Resources for well-heeled drop-outs on the Web offer a host of investment opportunities — from real estate deals in Boca Del Toro in Panama to industrial free trading zones from Japan to Iran.

It's a 21st century dream of juggling your money while sipping Bacardi on the beach.

A Moral Quest

A less economically demanding route would be the option Clare Ward, a 27-year-old Briton opted for in 1999. After a year of working with a film production company in London after school, Ward took an English teaching course before going off to teach in a remote village in China's Sichuan province.

The experience proved so soul-soothing that though her stint in China ended in 2001, Ward is garnering office experience in London, which she hopes she can leverage for another overseas posting in the voluntary sector.

For many of today's jetset gypsies, living abroad is also fueled by moral compunctions. Roger Gallo, a 61-year-old American who lives in Panama City, says he's part of a growing number of Americans who moved abroad to "escape America."

In 1995, when Gallo wrote a book titled Escape From America, he was forced to self-publish his work on the Web. Today, he runs an expatriate Web site — escapeartist.com — which offers a host of services for expatriates.

According to Gallo, there are currently 200,000 subscribers for a magazine also called Escape From America, which he publishes every month from Panama City.

"There are people who have a moral will to live abroad," says Gallo, adding that some U.S. policies, especially foreign policies, have so disenfranchised Americans, that the United States is becoming "an emigrant as well as an immigrant nation for the very first time since the Civil War."

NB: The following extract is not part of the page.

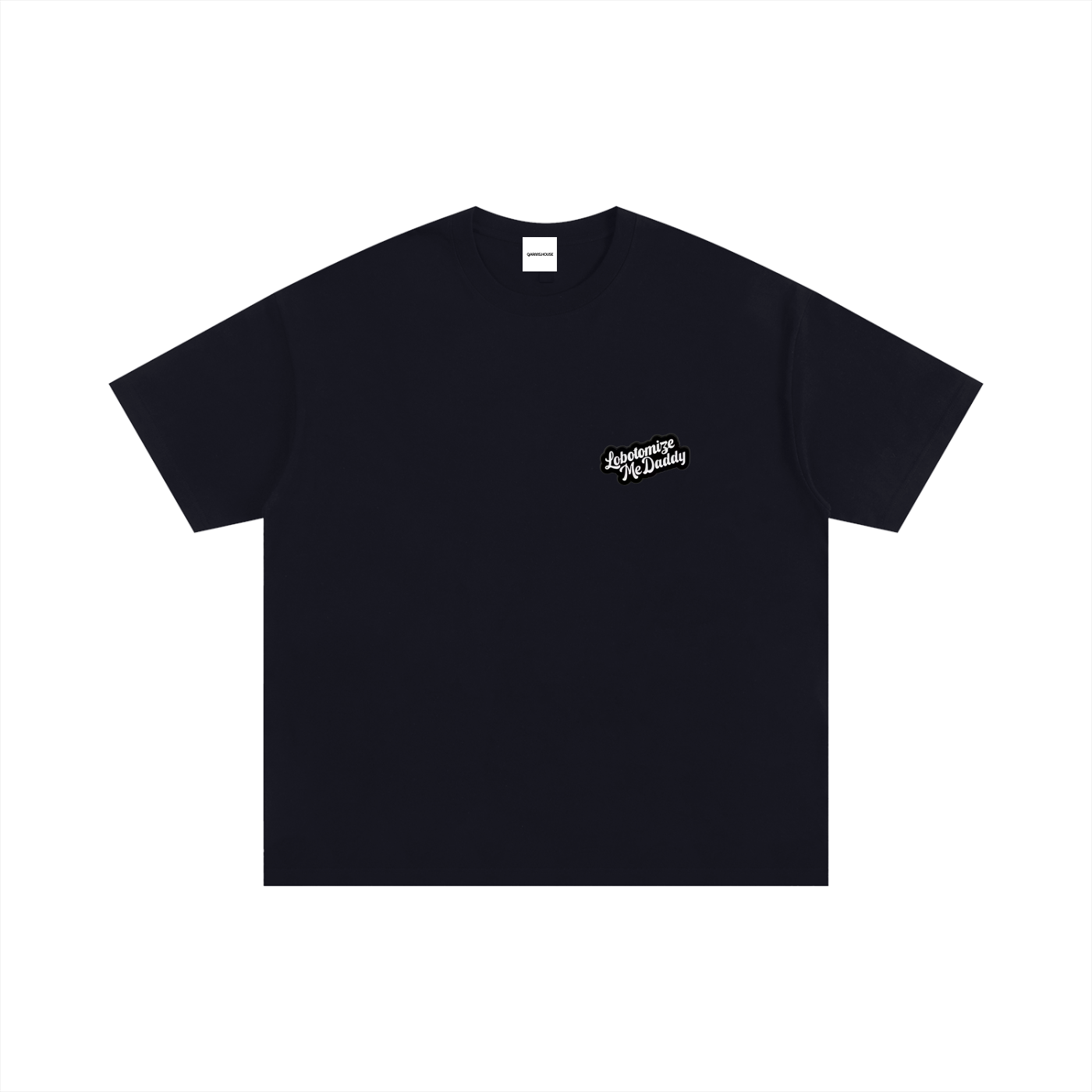 Black graphic T-shirt with “Lobotomize Me Daddy” text print on front – Garms.House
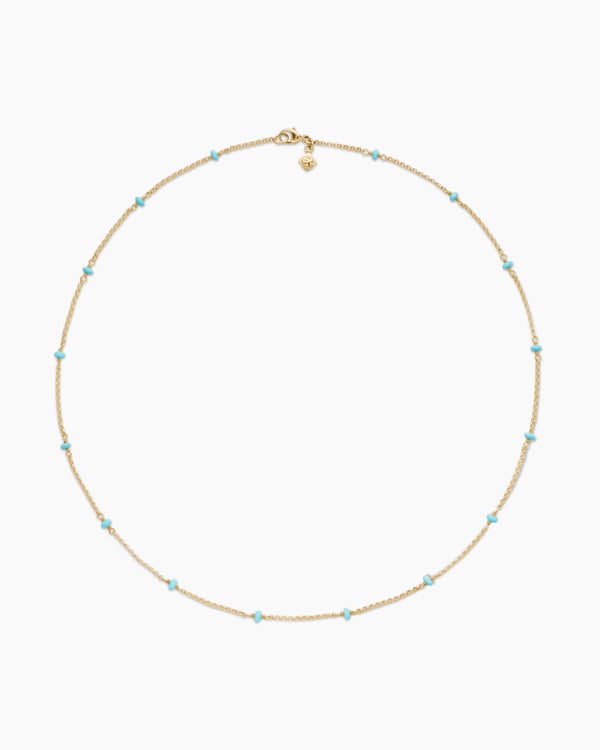 Cable Collectibles Bead and Chain Necklace in 18K Yellow Gold, 3.5mm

But Americans, says Gallo, still lag behind their European counterparts in their urge to live abroad. "For Americans, the act of expatriation is not as simple as for other people," he says. "Americans tend to have small horizons and expatriation is problematic because we have no real history of it."

While Bill would certainly not disagree with Gallo's bleak assessment of American adventurism, he says it's the very factor that urges him to live abroad.

Although Bill and Lorna run their properties in Philippines, they moved back to the United States to put their 15-year-old daughter in an American high school. The minute she gets into college, though, Bill says they will be ready to head back to the Philippines.